If an eigenvalue associated with a PC is \(\small >1\), then you retain that component. To compute the eigenvalues from the PCA, square the standard deviations in the prcomp object.

## [1] 2.7104296 0.7607956 0.4127988 0.1159759

The reason this works: the sum of the eigenvalues is equal to the total variance in the dataset. Only the first eigenvalue is \(\small >1\), so according to the Kaiser Criterion, PC1 is sufficient to explain the variation in the dataset.

Parallel Analysis

Parallel analysis is a technique designed to reduce the subjectivity of interpreting a scree plot.

A standard visual method is to choose the point which creates the most extreme “elbow” and retain that many PCs (x-axis). Accordingly, we would retain PC1 and PC2.

On the other hand, paralell analysis is a simulation-based method that generates thousands of data sets with the same number of items and range of the “real” dataset. Then, we retain the number of factors with observed eigenvalues larger than those extracted from the simulated data.

## 
## Using eigendecomposition of correlation matrix.

The results show that we would retain only PC1, which agrees with the Kaiser Criterion method.

PCA on the Oak Woods Dataset - Robust PCA

The morphometric dataset we used here is virtually “ideal” for running a generic PCA in R. It contains no missing values, zeroes, extreme values or outliers.
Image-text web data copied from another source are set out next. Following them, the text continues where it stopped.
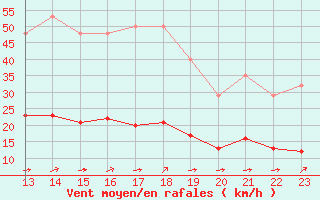 Courbe de la force du vent pour Landser (68)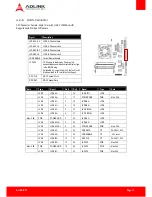 Предварительный просмотр 27 страницы ADLINK Technology AmITX-BT-I User Manual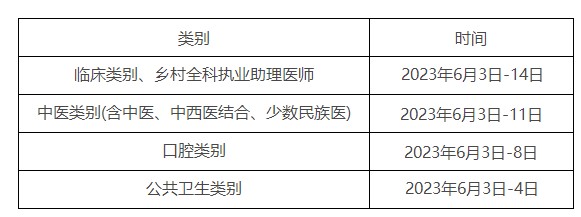 【兵团】2023年中西医助理实践技能考试时间安排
However, the Oak Woods dataset is characterized by extreme variability, outliers and zero values:

As such, a prudent course would be to conduct a robust PCA.

## 
## Using eigendecomposition of correlation matrix.

In Summary, a PCA of any type may not be an appropriate statistical approach for this dataset. PCoA is a better choice with its built-in flexibility with respect to distance methods. Also, clustering based on any number of variables, such as stand, Elev.m, or AspClass would likely yield more meaningful results.